Ecco, quello di cui vorrei trattare è proprio la “consapevolezza di sé e del proprio mondo”, che spesso viene definita “coscienza”.

Per svolgere i miei ragionamenti farò riferimento a teorie scientifiche, alcune delle quali non proprio dimostrate, e quindi andrebbero considerate come ipotesi, ma non si tratta qui di formulare una sintesi di varie teorie per proporre una possibile risposta al quesito di che cosa è la coscienza. Prendete quindi i miei ragionamenti come un esercizio per sondare eventuali possibilità e non come una dimostrazione di che cosa sia questo ente che a volte chiamiamo “ego”, a volte “anima” e a volte in molti altri modi.

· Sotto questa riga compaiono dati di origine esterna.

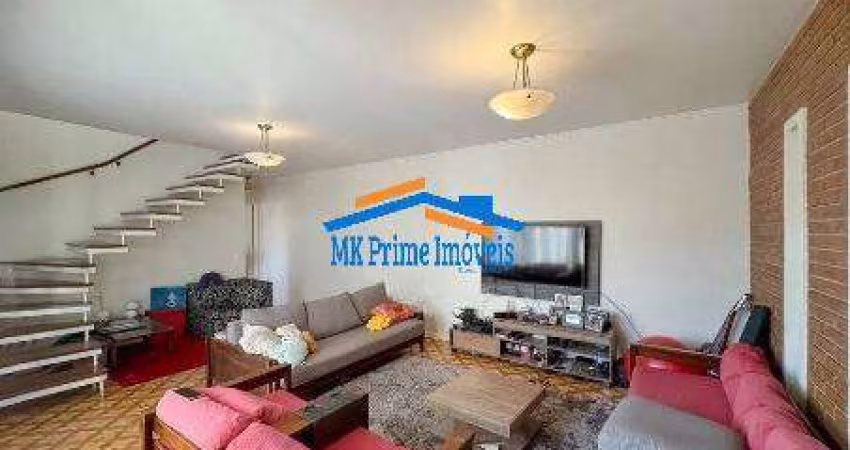 Casa à venda com 210m², 3 quartos e 2 vagas - Jaguaré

Il filo logico del ragionamento è il seguente: la vita sulla Terra si è organizzata in un modo che ha portato Darwin a formulare la Teoria della Evoluzione delle Specie, ricercatori  anche recenti hanno dimostrato che è perfettamente possibile che la materia (ma i neuroni, non i sassi) possa dare origine al pensiero, altri ricercatori hanno ipotizzato che il prodotto principale del pensiero, cioè la coscienza, altro non sia che una sovrastruttura “culturale” originata dal nostro cervello. In base a queste teorie, crescita culturale diventa sinonimo di crescita di coscienza, ovvero di aumento della Luce che noi massoni otteniamo lavorando alla ricerca della Verità, ed è quindi questa la crescita culturale per il massone.

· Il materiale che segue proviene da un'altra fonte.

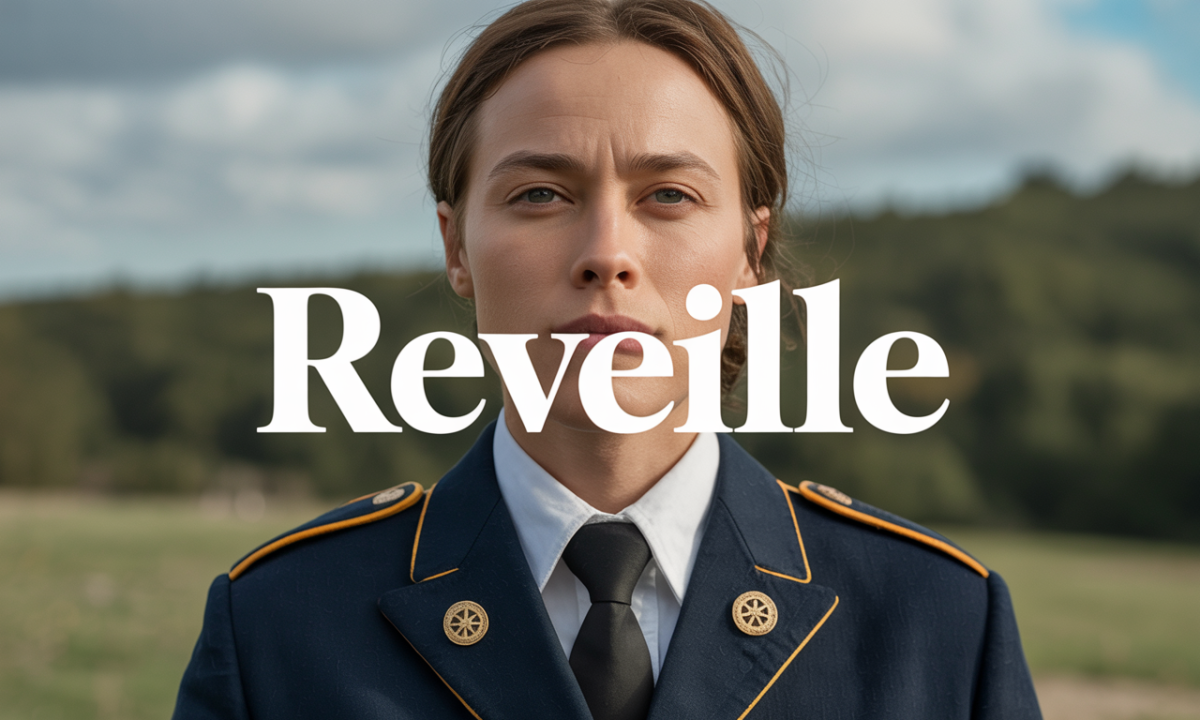 Illustration de Reveille, Noms de famille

La prima ipotesi che intendo considerare quindi è quella formulata da Darwin sullo sviluppo della vita sulla terra. Anche se non proprio dimostrata, è una ipotesi molto convincente.

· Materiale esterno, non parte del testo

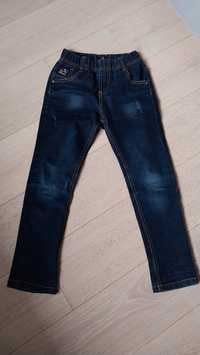 Штани джинси для хлопчика р. 134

Darwin sostiene che tutti gli esseri viventi, anche gli organismi unicellulari, provano “emozioni” e infatti sono proprio le “emozioni” a guidare le reazioni che portano alla conservazione della specie. Vi riporto le parole di un commentatore di Darwin: “La nuova teoria delle emozioni costituisce pertanto la radice inestirpabile della nuova filosofia dell’uomo.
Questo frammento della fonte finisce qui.